[Stored data entries]
- - -

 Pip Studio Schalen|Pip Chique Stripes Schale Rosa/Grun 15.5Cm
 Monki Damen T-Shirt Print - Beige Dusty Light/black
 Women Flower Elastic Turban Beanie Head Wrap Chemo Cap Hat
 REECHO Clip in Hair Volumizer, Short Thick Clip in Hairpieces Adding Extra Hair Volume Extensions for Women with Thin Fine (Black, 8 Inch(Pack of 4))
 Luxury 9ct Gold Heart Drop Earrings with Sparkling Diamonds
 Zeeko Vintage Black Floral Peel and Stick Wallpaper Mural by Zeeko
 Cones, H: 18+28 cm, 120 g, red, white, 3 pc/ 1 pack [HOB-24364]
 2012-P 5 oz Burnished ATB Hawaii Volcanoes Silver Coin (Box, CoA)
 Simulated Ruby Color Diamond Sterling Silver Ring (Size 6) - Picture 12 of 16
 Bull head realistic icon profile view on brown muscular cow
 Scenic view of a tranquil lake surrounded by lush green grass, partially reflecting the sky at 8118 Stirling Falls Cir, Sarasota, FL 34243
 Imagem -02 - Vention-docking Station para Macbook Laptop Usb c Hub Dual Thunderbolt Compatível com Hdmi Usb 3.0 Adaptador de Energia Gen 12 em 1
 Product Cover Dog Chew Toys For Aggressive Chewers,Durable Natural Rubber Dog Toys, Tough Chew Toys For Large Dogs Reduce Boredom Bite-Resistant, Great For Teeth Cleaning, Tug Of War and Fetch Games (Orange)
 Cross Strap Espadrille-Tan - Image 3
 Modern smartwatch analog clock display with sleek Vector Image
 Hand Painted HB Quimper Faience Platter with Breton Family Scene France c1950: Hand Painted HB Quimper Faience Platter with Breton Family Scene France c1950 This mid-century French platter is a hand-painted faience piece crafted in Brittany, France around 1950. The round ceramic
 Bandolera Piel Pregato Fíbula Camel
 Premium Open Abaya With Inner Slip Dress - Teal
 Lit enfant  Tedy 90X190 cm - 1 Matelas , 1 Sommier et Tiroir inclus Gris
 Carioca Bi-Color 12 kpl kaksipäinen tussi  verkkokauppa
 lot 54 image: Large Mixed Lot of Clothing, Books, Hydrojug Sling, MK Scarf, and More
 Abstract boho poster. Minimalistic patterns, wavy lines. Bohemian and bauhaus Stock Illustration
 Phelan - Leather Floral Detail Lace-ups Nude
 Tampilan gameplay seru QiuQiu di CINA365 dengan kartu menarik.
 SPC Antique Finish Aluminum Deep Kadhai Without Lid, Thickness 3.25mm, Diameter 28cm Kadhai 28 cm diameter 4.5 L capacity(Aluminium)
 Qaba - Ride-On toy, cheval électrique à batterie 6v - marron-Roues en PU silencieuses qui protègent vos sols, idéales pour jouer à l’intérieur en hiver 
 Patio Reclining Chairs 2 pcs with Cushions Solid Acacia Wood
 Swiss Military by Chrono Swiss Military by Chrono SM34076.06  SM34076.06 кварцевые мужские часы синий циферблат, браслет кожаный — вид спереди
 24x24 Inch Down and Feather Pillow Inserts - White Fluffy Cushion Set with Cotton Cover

- - -

- Exercise -
What lines above mention "Floral"? Copy each one.

- Task solution -
 Zeeko Vintage Black Floral Peel and Stick Wallpaper Mural by Zeeko
 Phelan - Leather Floral Detail Lace-ups Nude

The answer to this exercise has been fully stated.